Dec 30, 2008
For the past few years, much of the talk coming out of Saudi Arabia has been about opportunity – a chance to use the oil boom to develop the economy and go some way to heading off pressing social and economic pressures that have been building up in the kingdom.
During the late 1980s and 1990s, the economy stagnated while the population ballooned. By the turn of the century, unemployment had reached double digits and, with some 60 per cent of the 17m national population estimated to be under 25, the need to expand the private sector and create jobs was deemed vital to the nation’s stability and its future prosperity.
The oil boom and the massive accumulation of petrodollars provided a chance to tackle those issues and rehabilitate decaying infrastructure. But just as the process is beginning to inch forward, the Arab world’s largest economy faces a slowdown and is grappling with the prospect of a dramatic fall in revenue following the collapse in oil prices and reductions in crude output.
Now the onus is on the kingdom’s traditionally cautious leaders to ensure that the process of diversification – a huge task even in the boom years – continues in a downturn, analysts say. If not, they warn, the small gains made over the last few years will be lost, the private sector will contract and the pool of unemployed Saudis will grow.All the Arab Gulf countries are braced for a slowdown after a period of incredible growth. But given Saudi Arabia’s demographics and size, its needs are considered more urgent than those of its smaller and wealthier neighbours.
One analyst says: “It’s taken [Saudi Arabia] five years just to warm up and begin running, and they need to keep the momentum for at least five years for that pace to be set in motion. The most dangerous thing now is for them to say ‘we are not going to invest’. If they don’t do it, they will reset the development process for at least the next five years.”
Last week, the government projected it would post a budget deficit in 2009, the first for seven years, with revenue expected to tumble to 410bn riyals ($109bn) in the next fiscal year, from a record 1,100bn riyals this year. But, to the relief of economists and businessmen, the finance ministry announced an expansionary budget, putting expenditure at 475bn riyals for 2009, about 16 per cent higher than budgeted spending for 2008, although 35bn riyals less than expected actual spending.
The oil-dependent economy relies heavily on government spending to stimulate private sector growth, and although projects estimated at $600bn have been announced, many have yet to begin and those that have are predominantly in hydrocarbons, real estate and infrastructure – sectors that provide few jobs for Saudis.
The analyst estimates that some 1m jobs have been created since 2002, but three-quarters of those were low-salary positions that were predominantly occupied by cheap foreign labour.
Official unemployment has dropped gradually to about 9 per cent, but there are concerns that the middle class is shrinking while the sizeable lower-income segment of society is becoming larger. Analysts estimate that some 3m Saudis are expected to enter the labour market up to 2020.

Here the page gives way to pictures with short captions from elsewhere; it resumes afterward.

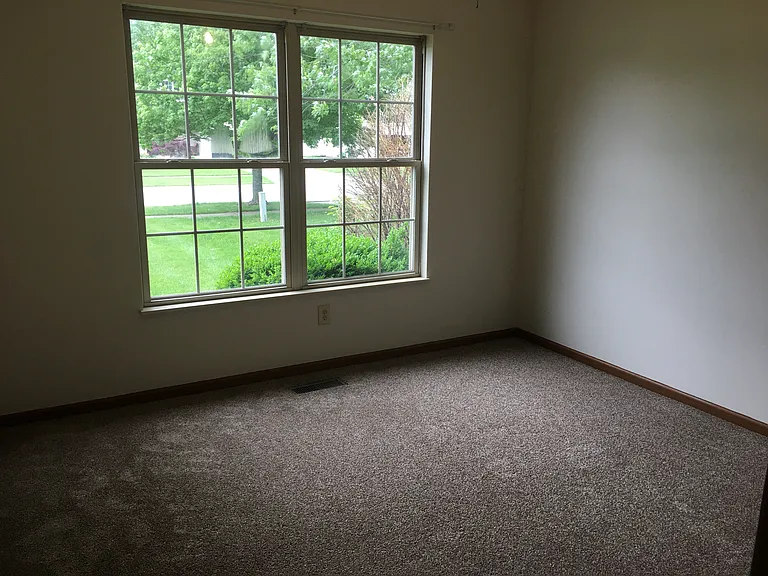 334 Oakdale Cir — Photo 7
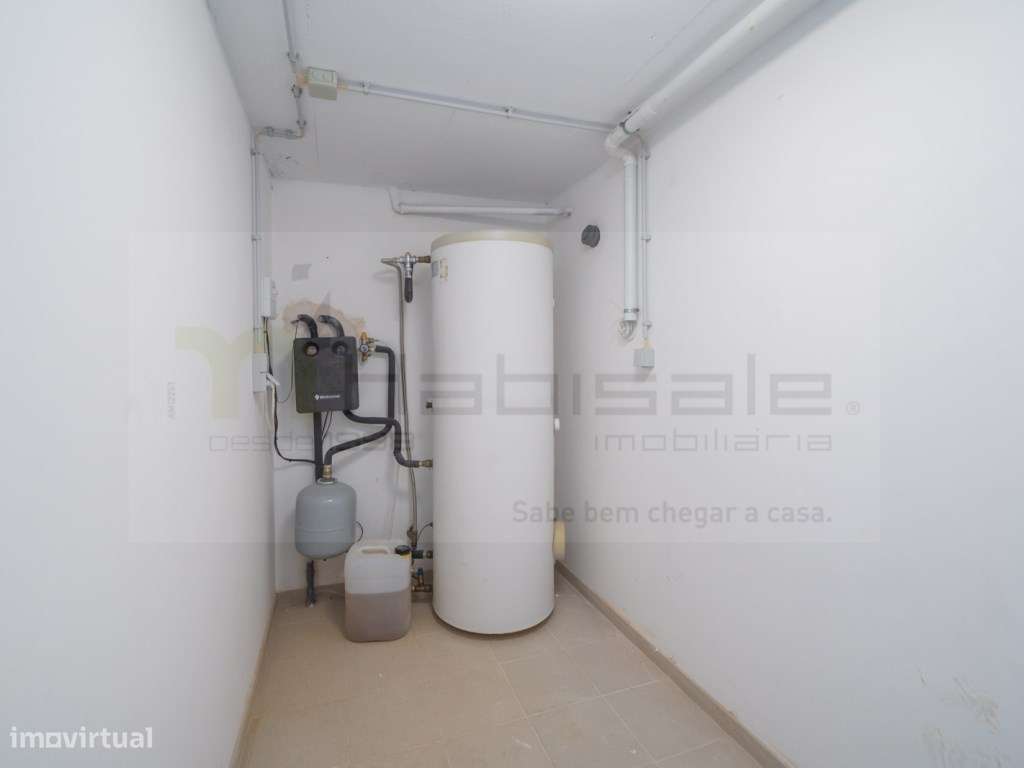 Moradia T3, situada em Areia Cascais, a curta distância da praia do...-34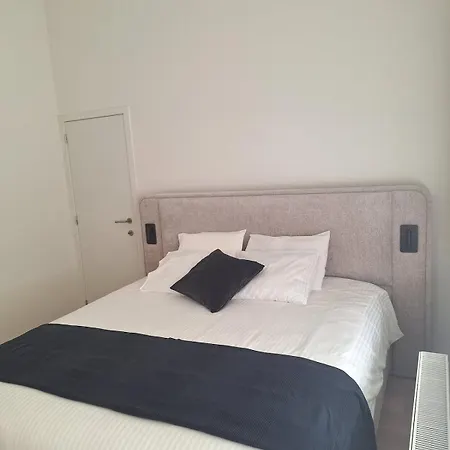 Louise Luxe In * Brussel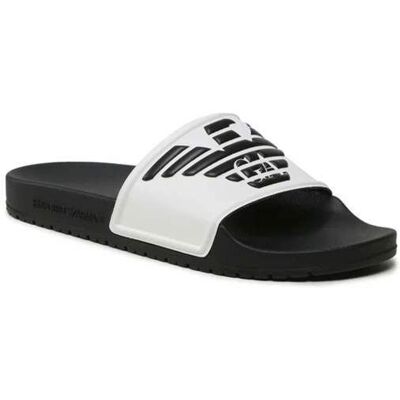 Sliders Emporio Armani pour Homme avec Logo Noir Blanc - Publicité Sliders Emporio Armani pour Homme avec Logo Noir Blanc - Publicité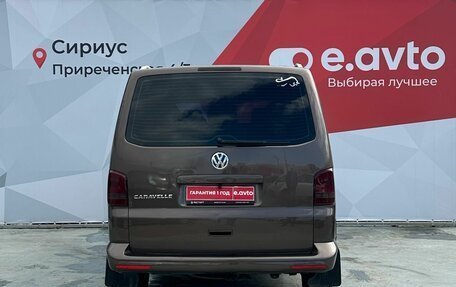Volkswagen Caravelle T5, 2013 год, 2 300 000 рублей, 5 фотография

Worryingly, growth in the private sector – which is critical to job creation – slowed in 2008 in spite of the massive inflow of petrodollars, falling from 5.8 per cent in 2007 to 4.3 per cent.
That is expected to slow further next year, and estimates of 2009 real economic growth range from about 2 per cent to a 1.5 per cent contraction. The business community’s confidence has been dented by falling oil prices and the private sector also faces the problem of liquidity drying up in local and international banks.

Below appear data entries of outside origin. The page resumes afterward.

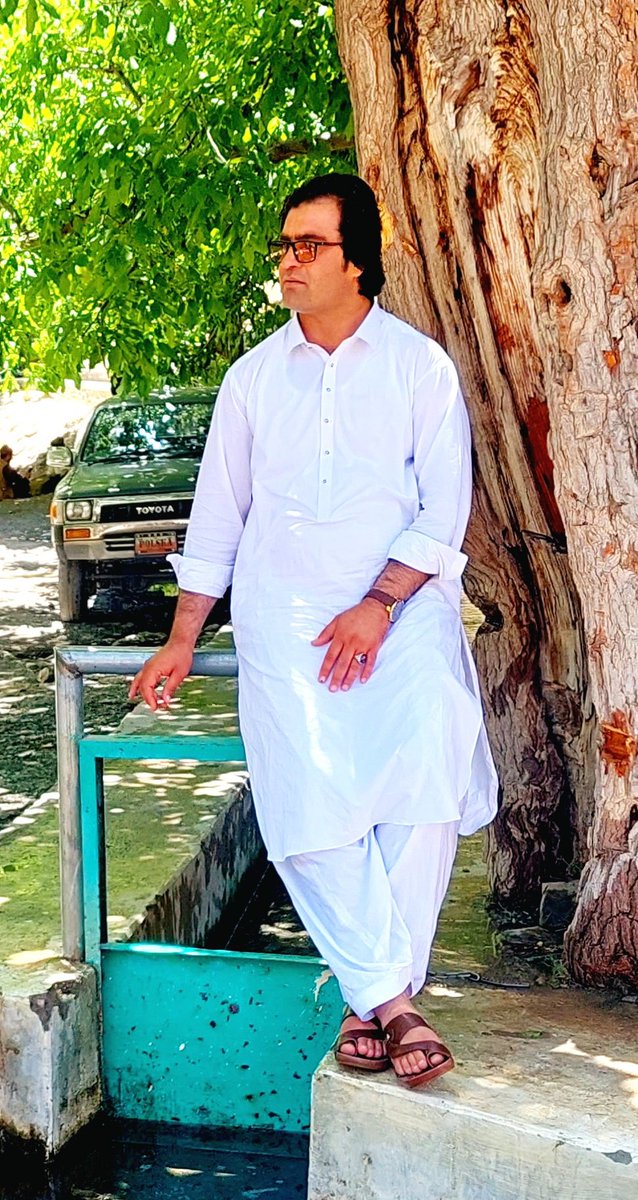 SaidullahLiwal's tweet photo. له خاورو جوړ سړی https://t.co/87iqOR2vpb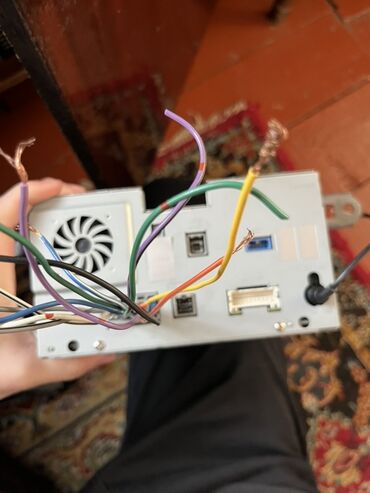 Maqnitofonlar: Maqnitol, AUX — 6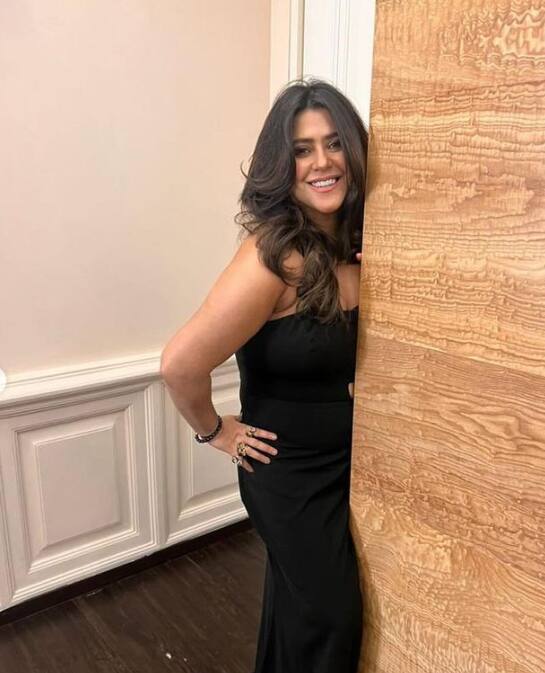 रिपोर्ट के मुताबिक एकता ने मेंशन किया था कि उनके अनमैरिड रहने का उनका फैसला उनके पिता जीतेंद्र द्वारा दी गई एक सलाह पर बेस्ड हैं. उन्होंने बताया था कि उनके पिता जीतेंद्र ने उन्हें दो ऑप्शन में से एक को चुनने के लिए कहा था. एक यह कि वह जल्दी शादी कर सकती थी और जितनी चाहे उतनी पार्टी करके अपनी लाइफ को एंजॉय कर सकती थी और दूसरा ये कि वह पूरे डेडीकेशन के साथ काम कर सकती थी. ऐसे में एकता ने काम करने और अनमैरिड रहने का ऑप्शन चुना था.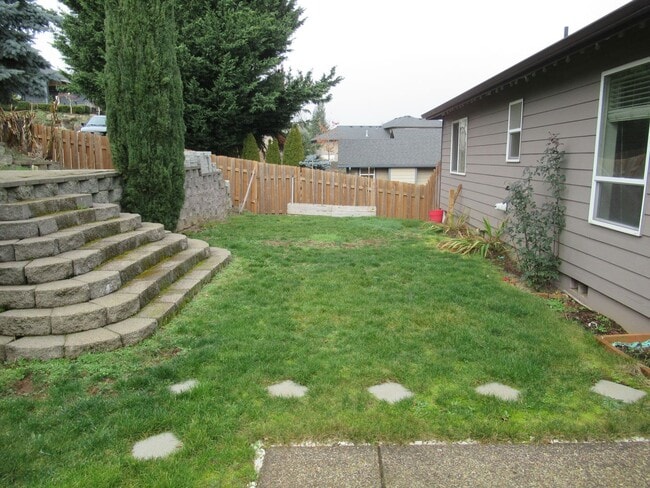 Building Photo - Large Four Bedroom in South Salem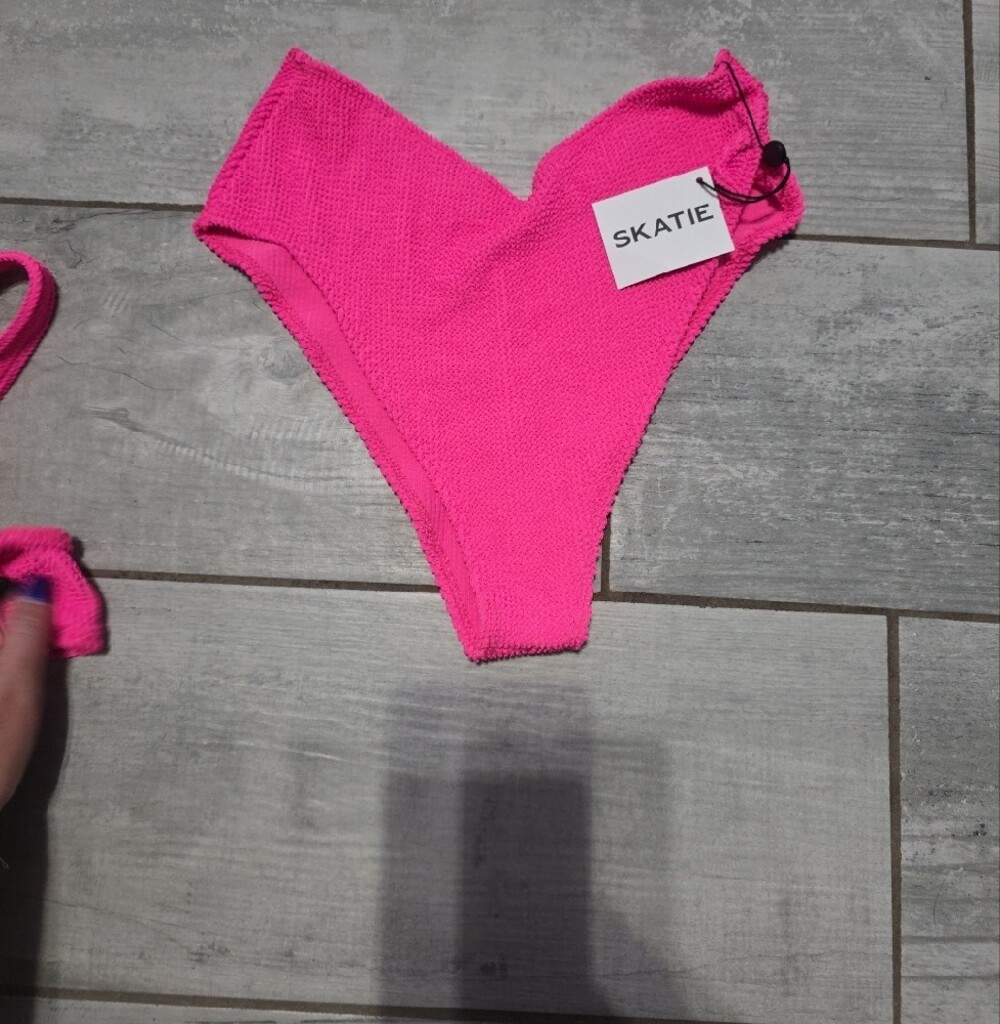 NWT Skatie Bright Pink Textured Two-Piece Bikini - PENNY top, MELLY bottoms - XL - Picture 2 of 11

Some $26bn worth of industrial infrastructure projects have either been cancelled or put on hold, according to Samba bank. This month, Rio Tinto said it would not be able to finance its 49 per cent stake in a $10bn aluminium project with state mining companyMaaden, seen as an important pillar of diversification.
On the positive side, the government is praised for acting prudently during the boom years and has significantly reduced its debt while also building up foreign assets estimated to be in excess of $500bn, making it far better placed to weather a downturn than in the 1990s. But the government will have to tap into its savings to fill the role expected to be vacated by a cautious and credit-starved private sector, analysts say.
“The $60m question is whether the government is going to step in to finance a lot of these projects, or guarantee them, or deposit enough money in the banking system so they can finance these projects,” says John Sfakianakis, chief economist at SABB Bank. “They don’t have the luxury to stop doing the reform because they are fighting time. They have to keep going at all costs.”